Happy 100th Birthday, C.C. Beck!
Born in 1910 in Zumbrota, Minnesota, Charles Clarence “C.C.” Beck started learning art via correspondence course before studying at the Chicago Academy of Fine Arts and the University of Minnesota. Fawcett Publications hired him as a staff artist in 1933.
Initially Beck worked on pulp magazines, but when Fawcett started producing comic books in 1939 Beck was assigned to draw Whiz Comics, starring a character called Captain Thunder.

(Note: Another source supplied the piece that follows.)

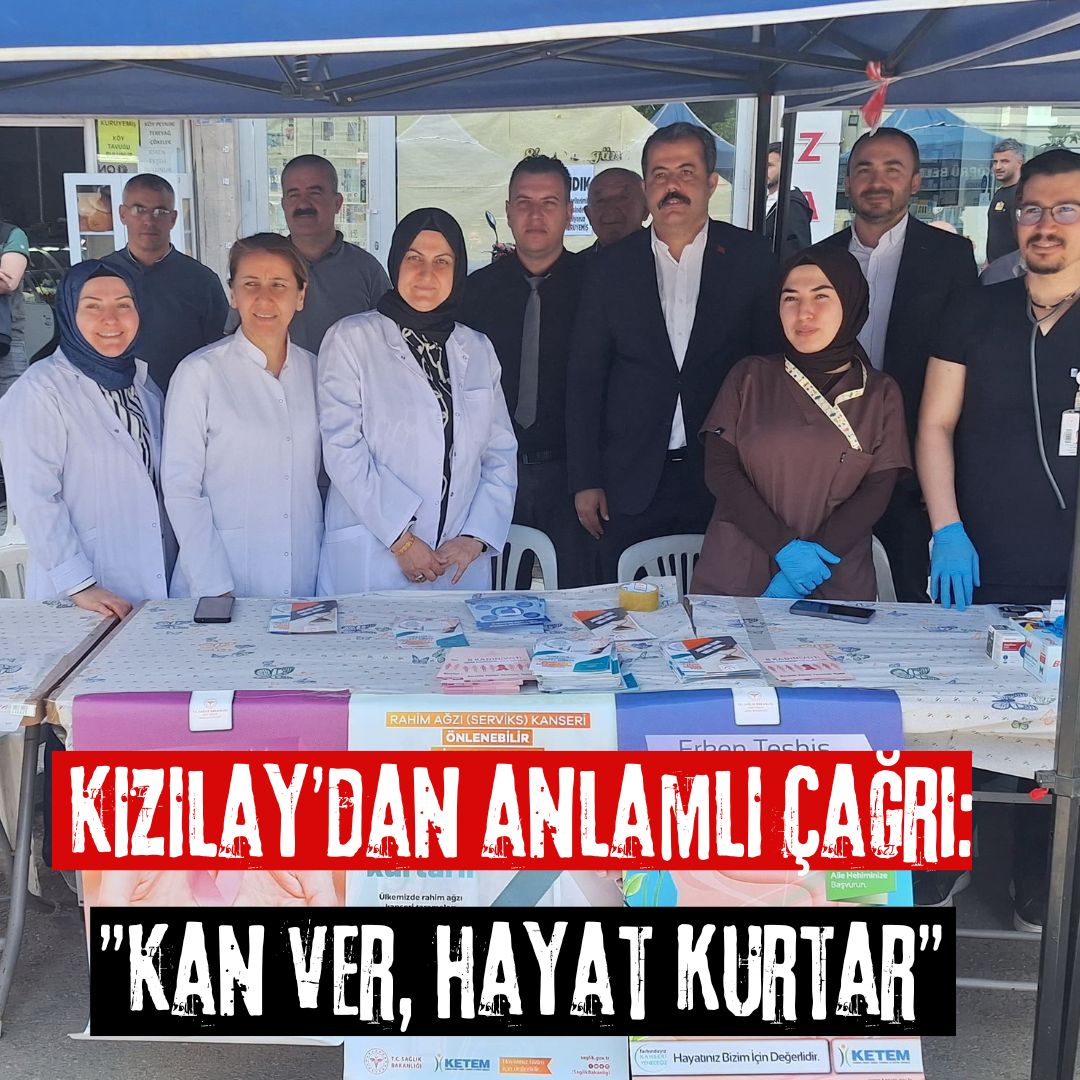 Kızılay’dan anlamlı çağrı:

The character’s name was changed before the first issue ever came out—to Captain Marvel.
Beck drew not only Whiz Comics but Spy Smasher and Ibis the Invincible, and in 1941 he set up his own studio in New York City—he later added a second location in Englewood, NJ, and oversaw artwork for most of the Marvel Family line while also producing commercial art. Fawcett discontinued its comic book line in the early 1950s and Beck was forced to close his studios in 1954.
After that he only worked on comics occasionally, though he did illustrate the first ten issues of DC’s Shazam! series (continuing Captain Marvel, whom DC had purchased from Fawcett). Beck retired in the 70s and moved to Florida, where he wrote an opinion column, “The Crusty Curmudgeon,” for The Comics Journal. He died in 1989.
Beck was inducted into the Eisner Hall of Fame in 1993 and the Jack Kirby Hall of Fame in 1997.